▸ **PROBLEM DESCRIPTION**
Copy out the data below from the line containing "灵武帝尊漫画,第182话 交易1图" to the line containing "2022年安全月活动总结.doc_第1页", both lines included, with all images left out.

━━━━━ DATASET ━━━━━

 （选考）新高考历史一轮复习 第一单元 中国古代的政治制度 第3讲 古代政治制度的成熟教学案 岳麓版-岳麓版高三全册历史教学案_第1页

━━━━━
━━━━━ DATASET ━━━━━

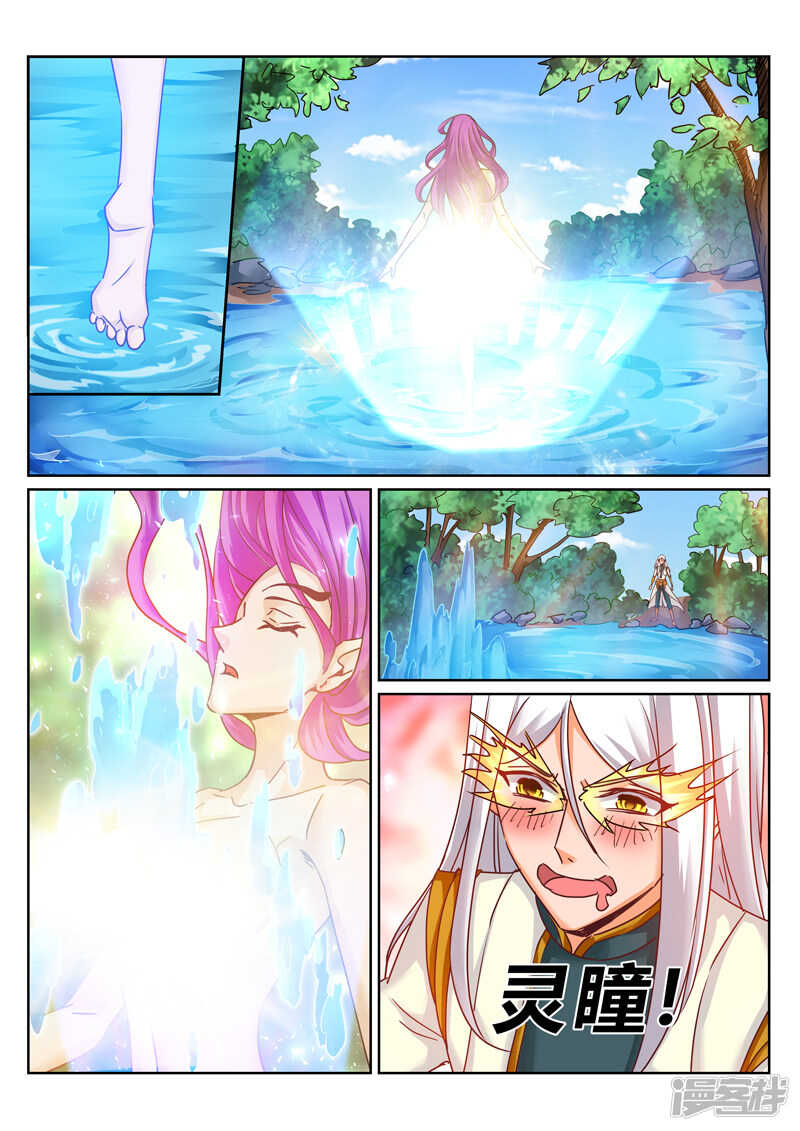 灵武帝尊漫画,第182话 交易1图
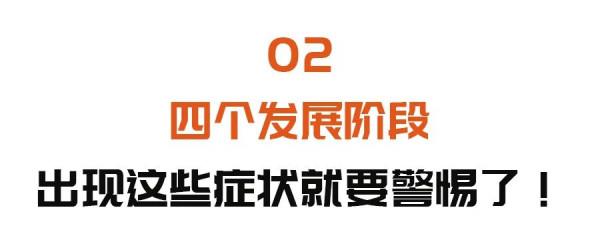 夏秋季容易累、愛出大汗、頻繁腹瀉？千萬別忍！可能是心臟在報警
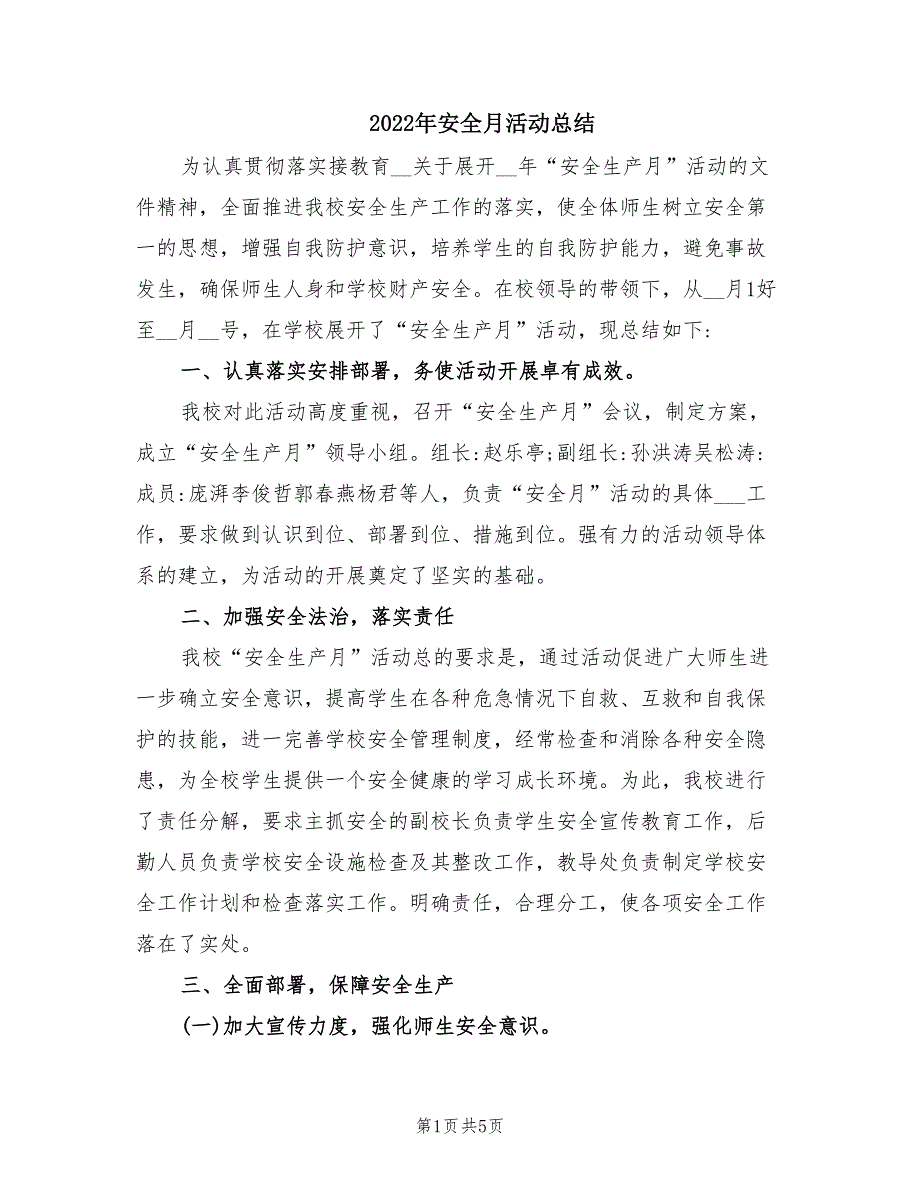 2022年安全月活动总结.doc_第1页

━━━━━
━━━━━ DATASET ━━━━━

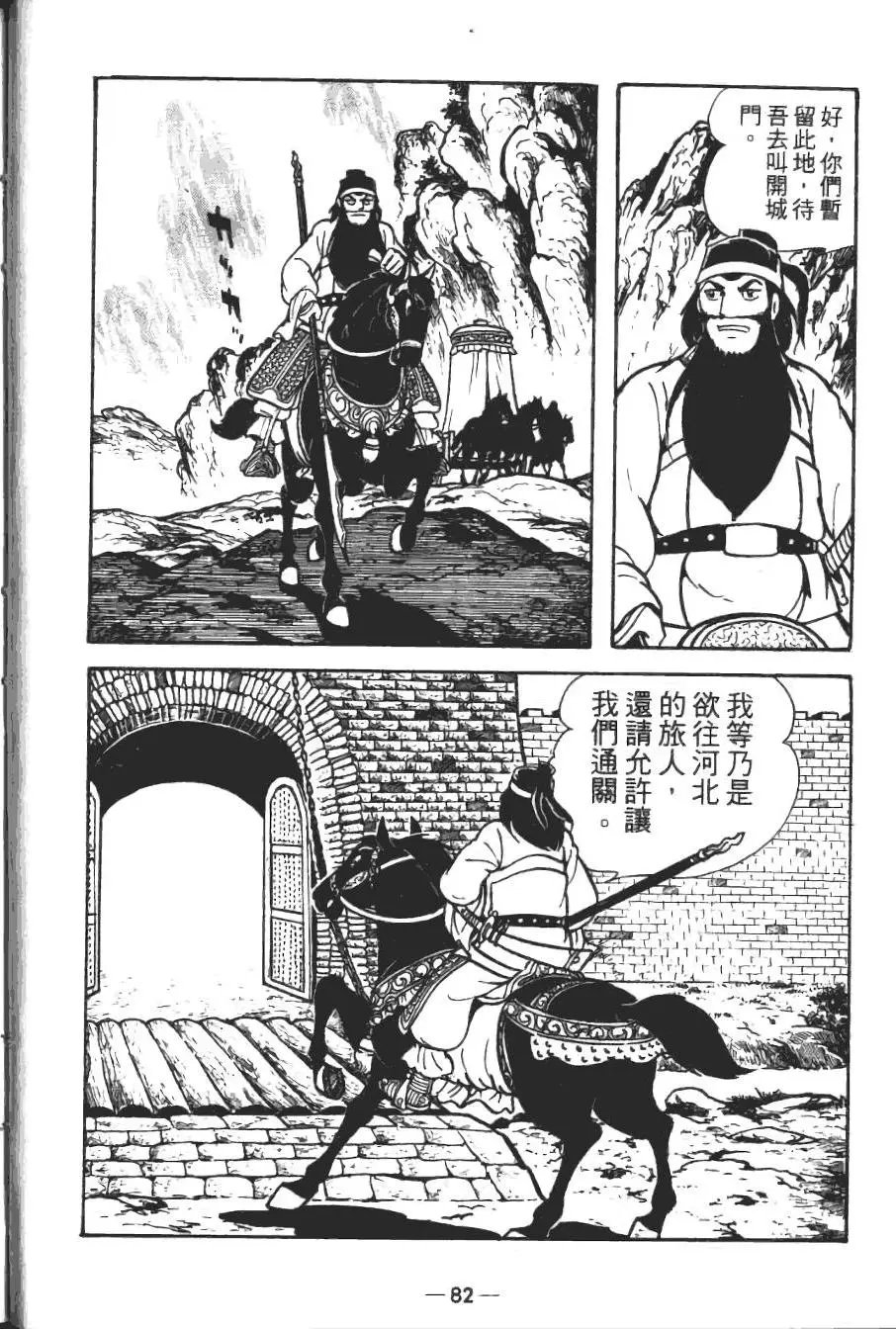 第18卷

━━━━━

▸ **RESULT FOR THIS EXERCISE**
 灵武帝尊漫画,第182话 交易1图
 夏秋季容易累、愛出大汗、頻繁腹瀉？千萬別忍！可能是心臟在報警
 2022年安全月活动总结.doc_第1页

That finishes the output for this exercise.